[Image-caption web data]
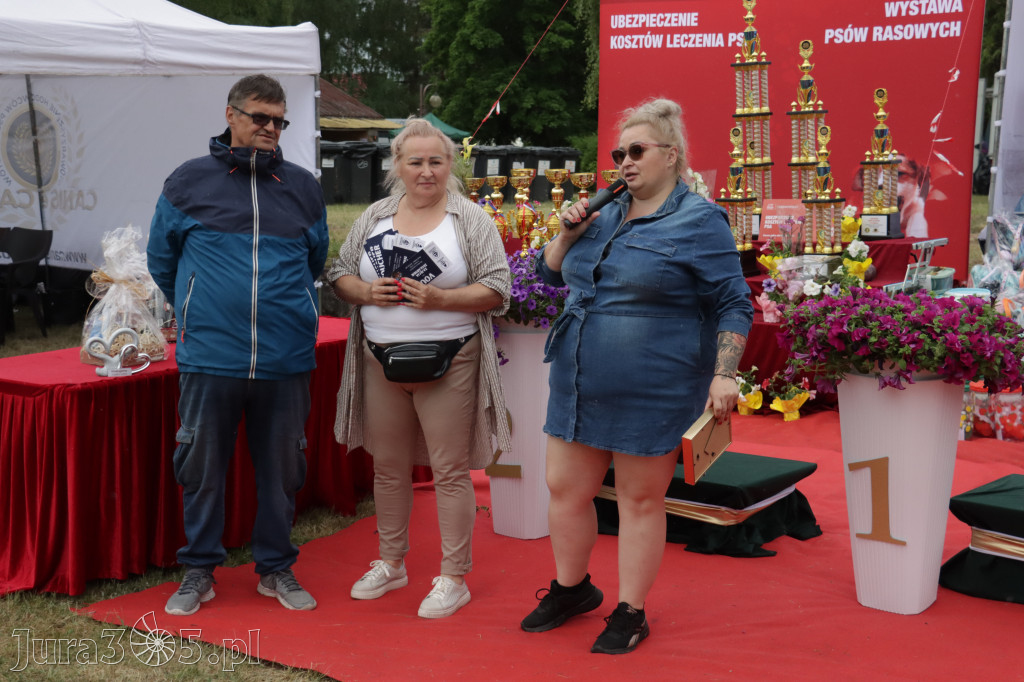 Fotorelacja: Międzynarodowa Wystawa Psów Rasowych w Poraju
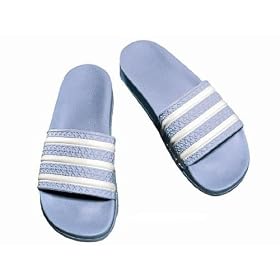 adidas - Damen Badeschuhe - Adidas Adilette W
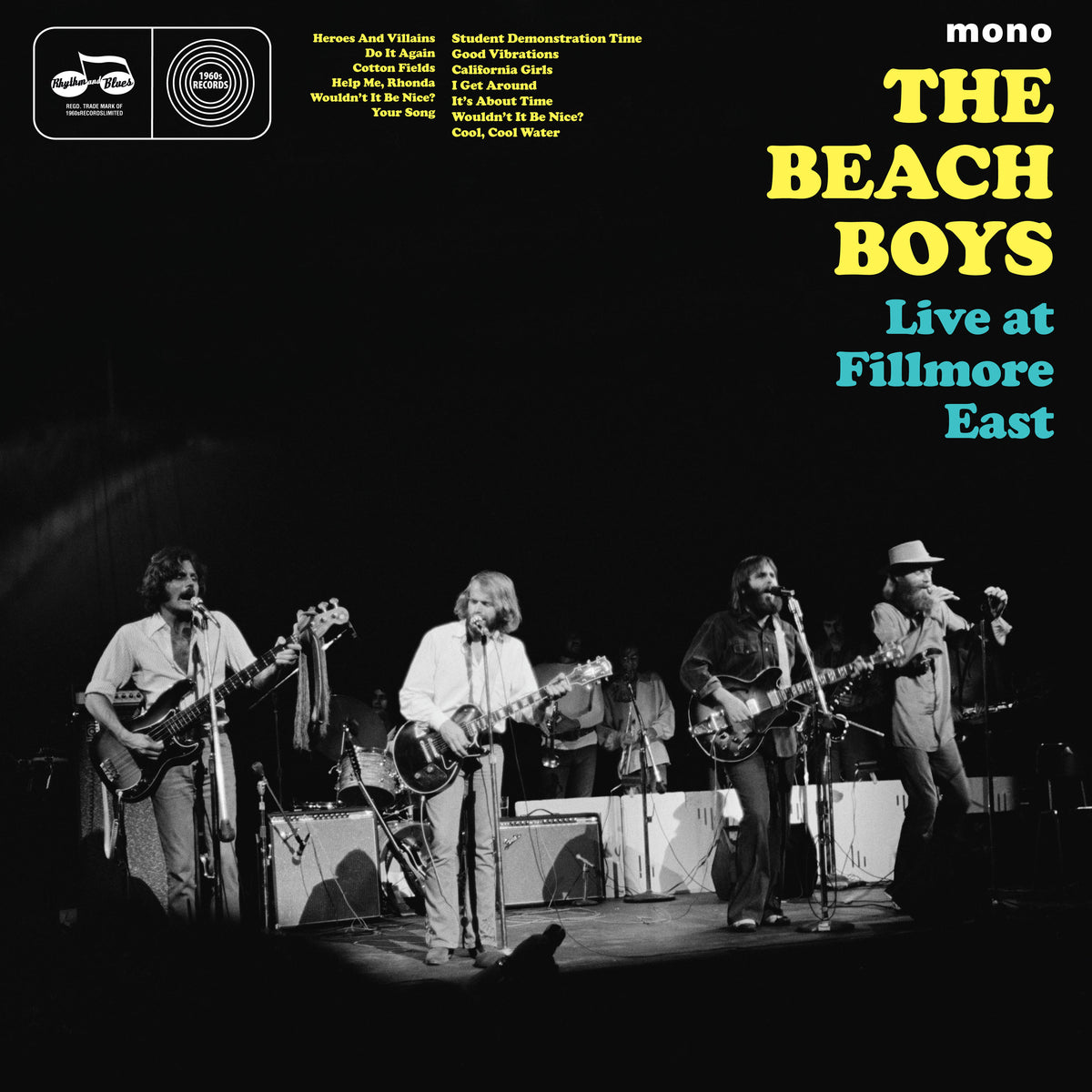 Live at Fillmore East 1971 - Front Cover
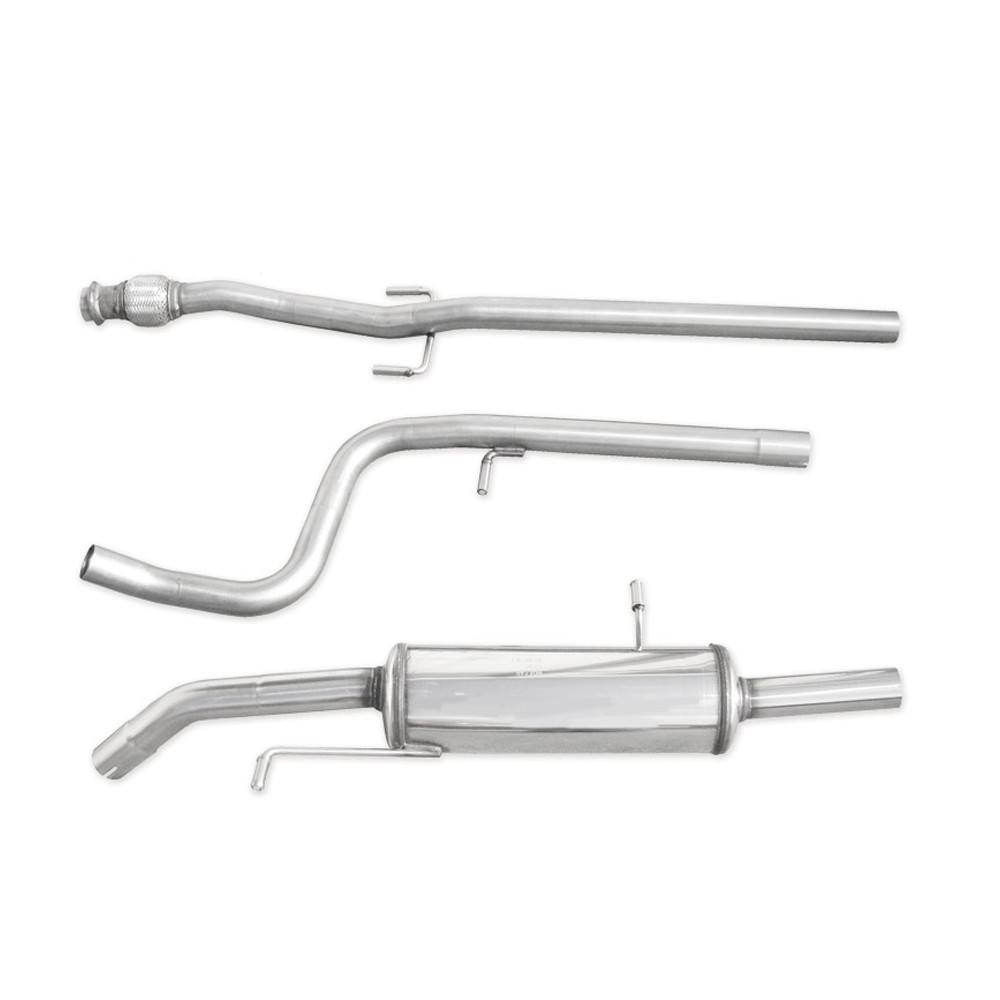 Inoxcar Stainless Steel Group N Pipe Outer Diameter 54mm Citroën DS3 1.6 16S Turbo After 2010 - IC-LCI07 - LCI.07 - 3661768288597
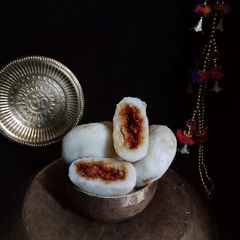 A picture of Sijha Manda Pitha.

**INSTRUCTIONS TO FOLLOW**
Every record must be transcribed faithfully, with no picture carried over.

**SOLUTION TO THE PROBLEM**
 Fotorelacja: Międzynarodowa Wystawa Psów Rasowych w Poraju
 adidas - Damen Badeschuhe - Adidas Adilette W
 Live at Fillmore East 1971 - Front Cover
 Inoxcar Stainless Steel Group N Pipe Outer Diameter 54mm Citroën DS3 1.6 16S Turbo After 2010 - IC-LCI07 - LCI.07 - 3661768288597
 A picture of Sijha Manda Pitha.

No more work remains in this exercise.